Review Summary: Ahead of its time and ahead of the competition, yet left behind.
The story of thrash is generally thought to go like this: first there was
Motorhead, and all rejoiced; then there was
Venom, and hell followed. From
Metallica and
Exodus to
Sodom and
Holy Moses (yes, they had a demo in ‘82 if you can believe that!), anger and aggression would dominate the genre. Less talked about is the story of the so-called US Power Metal scene, which despite its name has far more in common with thrash than with your
Helloweens and your
Running Wilds. Rather than follow in the footsteps of Venom, this sound was born in response to the New Wave of British Heavy Metal - faster, more intense, more technical, but no less theatrical and bombastic when compared to traditional metal.
Have Mercy is one such USPM band, featuring ostensibly Christian lyrics, whose five year run between 1983 and 1988 left behind a few demos and this EP. Though compiled and re-released in 2004, their name and their music continue to languish in the depths of obscurity. Which is a shame. By now it should be obvious that I could trivially vomit a dozen or so lines calling this “kimm thrash with a twist” and telling you to check it hard because it rules hard, it will make your balls turn into a fist, etc. I could hamfist comparisons to
Tourniquet and
Believer, or more appropriate ones to Helstar. But that wouldn’t really get across what caught my attention the most about this release - not merely the sound, but the context.

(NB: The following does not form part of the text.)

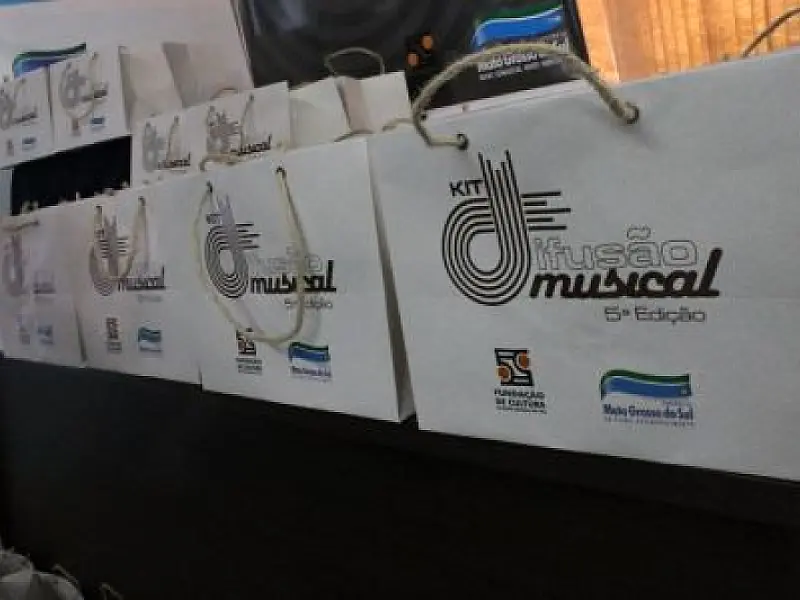 Rádios de todo o país começam a receber kits com música de MS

This little thing came out in April 1986. For reference, Darkness Descends, Reign In Blood, Pleasure To Kill and Morbid Visions all came out in the fourth quarter of the same year. Now is the music on Armageddon Descends as intense, is it flirting with more extreme genres of metal - no. But it’s pretty damn hard hitting nonetheless. How?
Blistering drums that feel especially punishing when the gas is turned up, genuinely excellent bass work, ear-rupturing vocals and of course “hard as feck riffs” that I must stress are surprisingly technical at times, though not quite to the twisted, alien extent as
Watchtower. Moreover, both the songwriting and the musicianship are just thoroughly solid - relentless, yet replete with everything from fills, to bridges, to solos - it never meanders but never feels one-note either. Most often it brings to mind
Helstar’s A Distant Thunder or Nosferatu, and at a couple moments even
Coroner’s pre-Mental Vortex stuff. But here’s the kicker: this predates every single one of those by two or more years. If you were to compare it to something that was out in 1986, well, how about
Flotsam and Jetsam on steroids, and without all the clean passages and interludes that leave Doomsday for the Deceiver feeling just a tad bloated? How about
Metal Church on crack? You get the picture.
Now would I tell you it’s every bit as good as those more well known records, perhaps not. What I will tell you though, is that it is absolutely worth any metal fan’s time, and it makes me wonder how many more bands like this there were, ahead of the pack yet never discovered.